Assigned task: Take the line containing "T-shirt imprimé Fête des pères BLANC" through the last line of the data and retype those lines exactly. Pictures do not belong in the copy.

Dataset content:
BEGIN

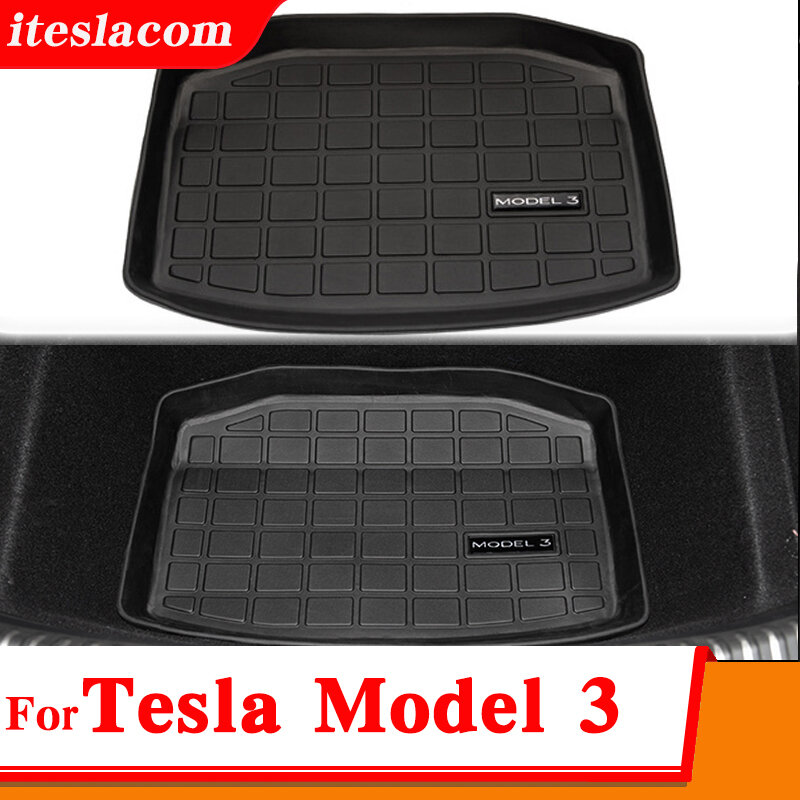 ใหม่3 2021รถด้านหน้า/เก็บเสื่อสำหรับ Tesla รุ่น3อุปกรณ์เสริมถาดสินค้า Cargo Trunk TPE กันน้ำ Pad Model3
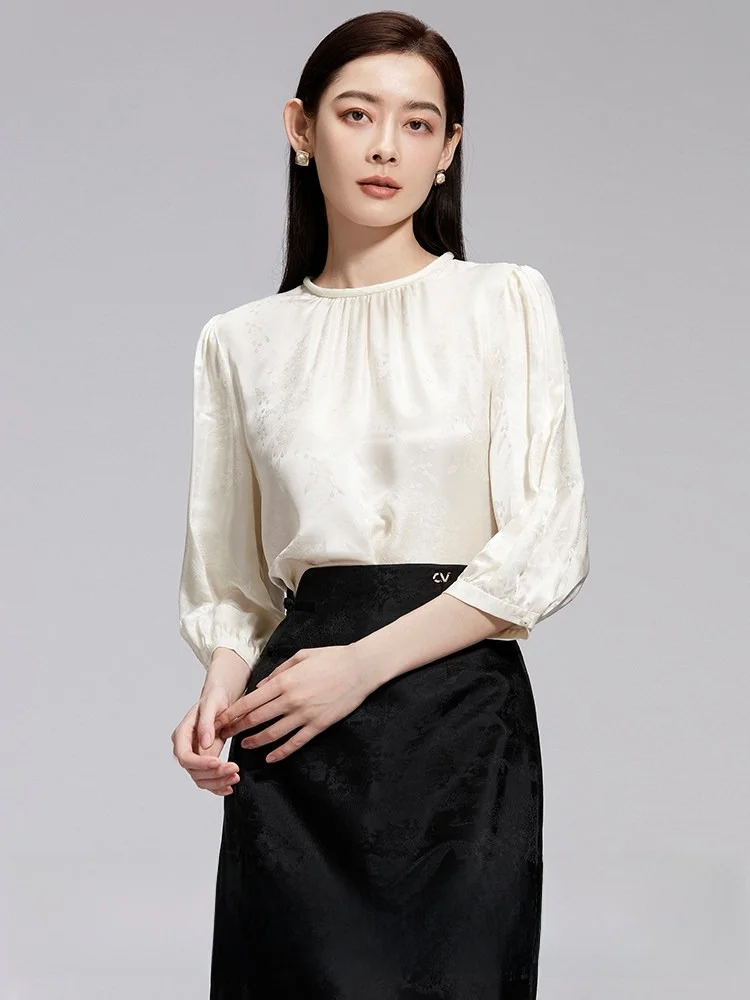 

Zfunzoe Китайская шелковая повседневная блузка для женщин с круглым вырезом и рукавами-фонариками, приятная к телу, дышащая, с цветочной вышивкой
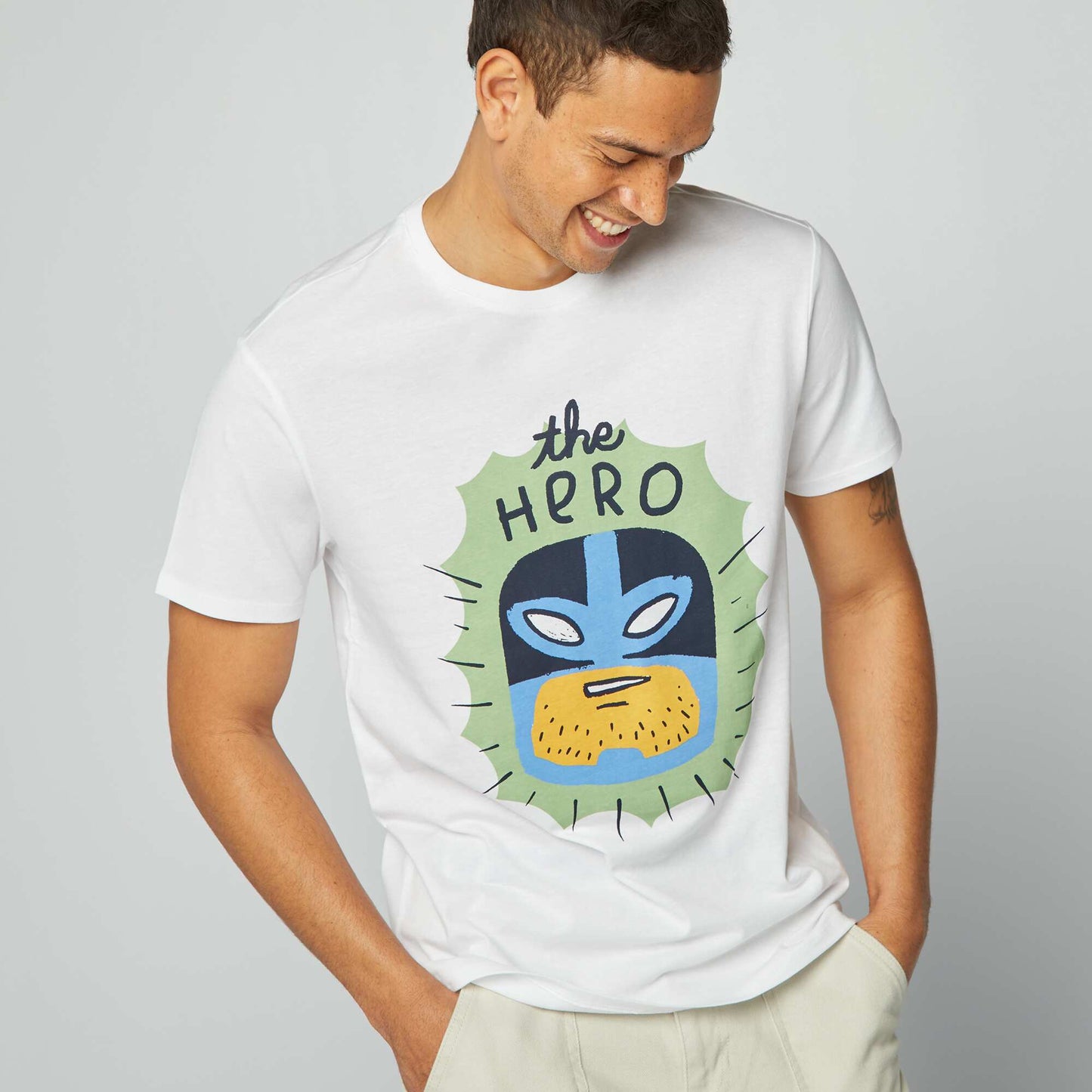 T-shirt imprimé Fête des pères BLANC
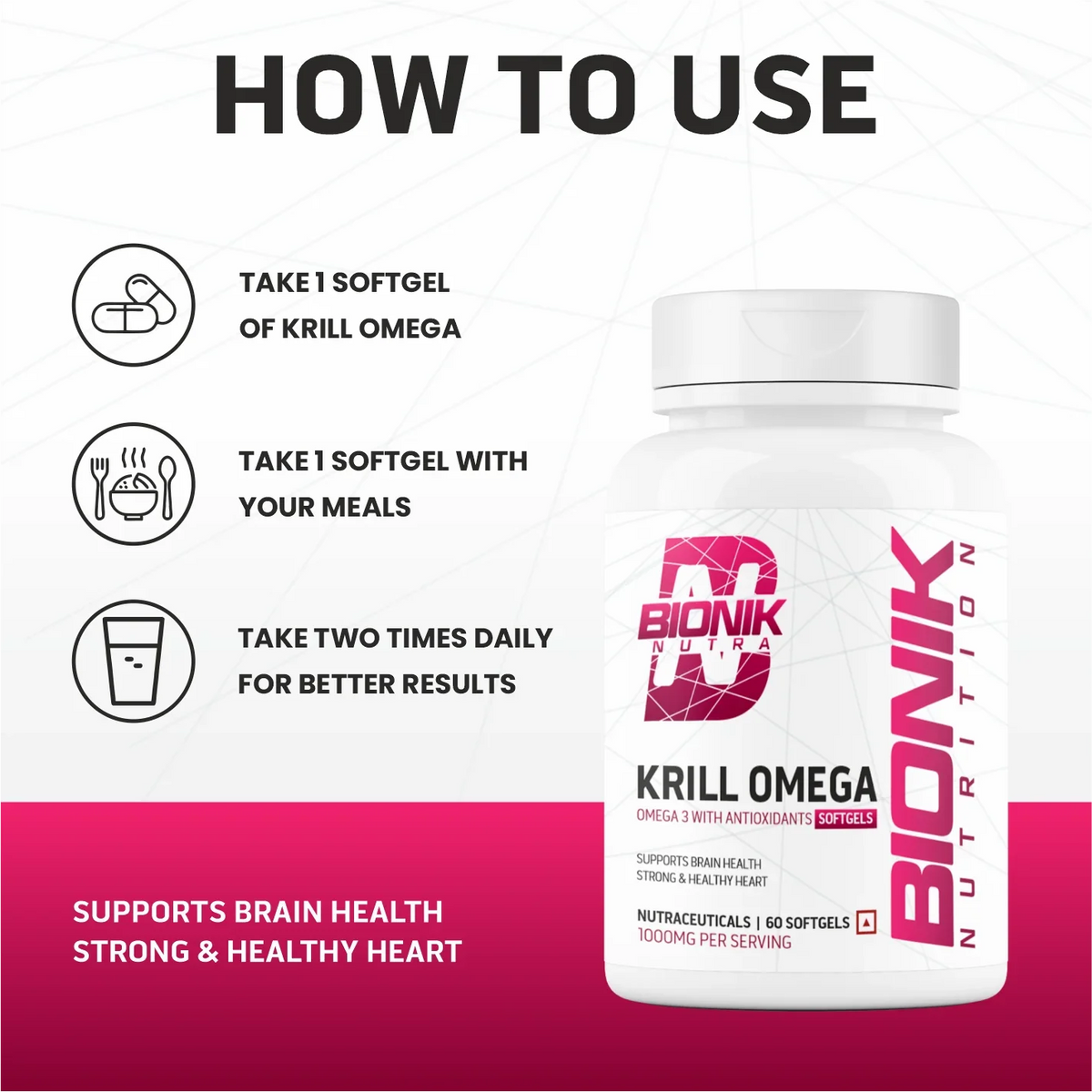 BIONIK NUTRITION Krill Omega Softgels bottle with 60 omega-3 softgels featuring EPA, DHA, and astaxanthin for joint and heart health.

END

Solution:
 T-shirt imprimé Fête des pères BLANC
 BIONIK NUTRITION Krill Omega Softgels bottle with 60 omega-3 softgels featuring EPA, DHA, and astaxanthin for joint and heart health.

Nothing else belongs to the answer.